* EXERCISE INSTRUCTIONS
Word for word, repeat the data that follows. Do not include the pictures.

DATA BELOW: Begin

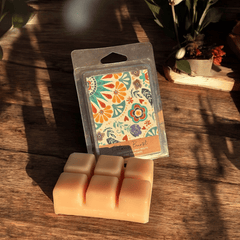 Zitruszauber Duftwachs-Melts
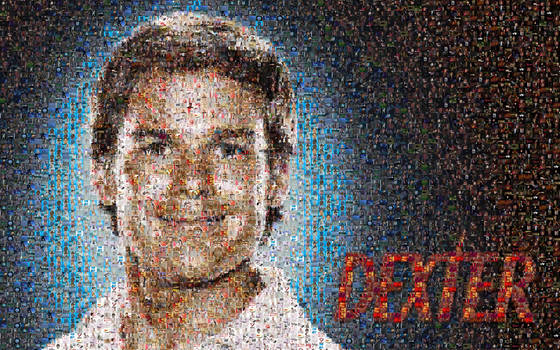 Wallpaper Mosaico II de Dexter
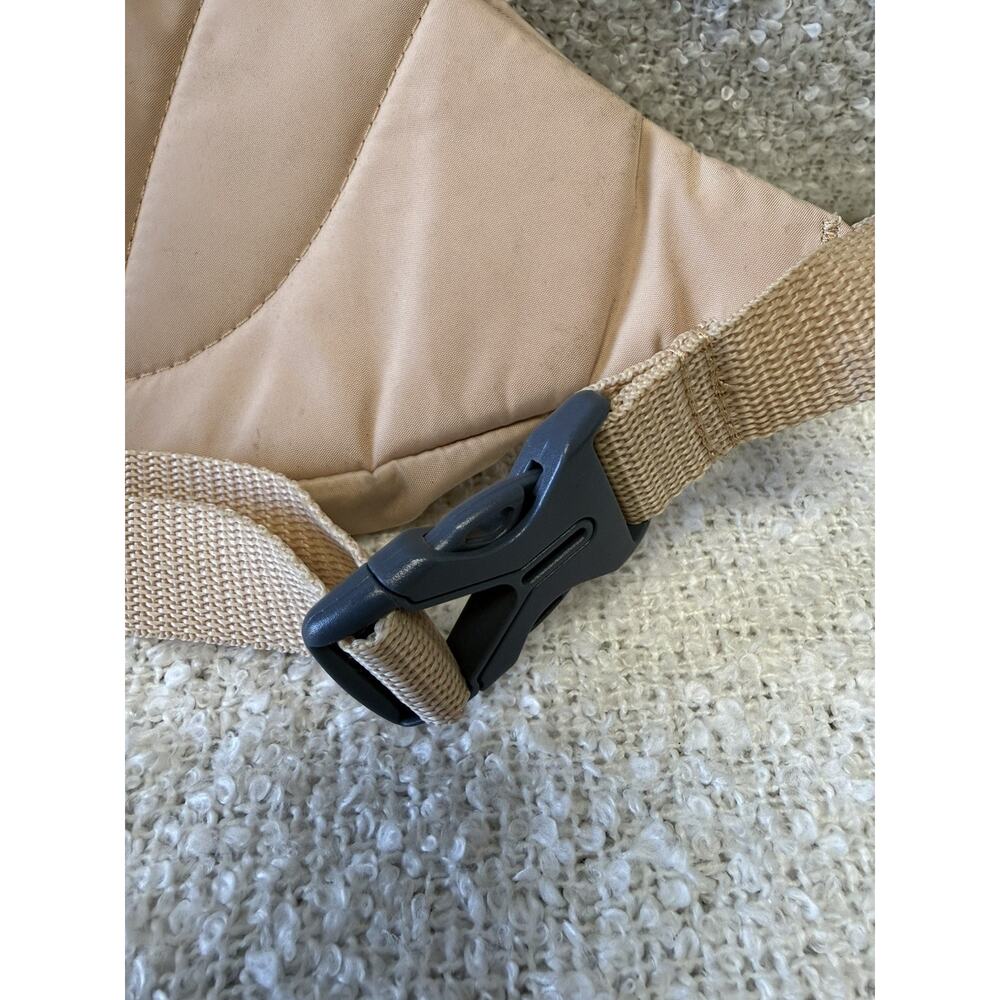 ADIDAS Core Waist Nylon Polyester Pack Belt/Fanny Bag Magic Beige/Off White - Picture 7 of 7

DATA BELOW: End

* SOLUTION FOR THIS EXERCISE
 Zitruszauber Duftwachs-Melts
 Wallpaper Mosaico II de Dexter
 ADIDAS Core Waist Nylon Polyester Pack Belt/Fanny Bag Magic Beige/Off White - Picture 7 of 7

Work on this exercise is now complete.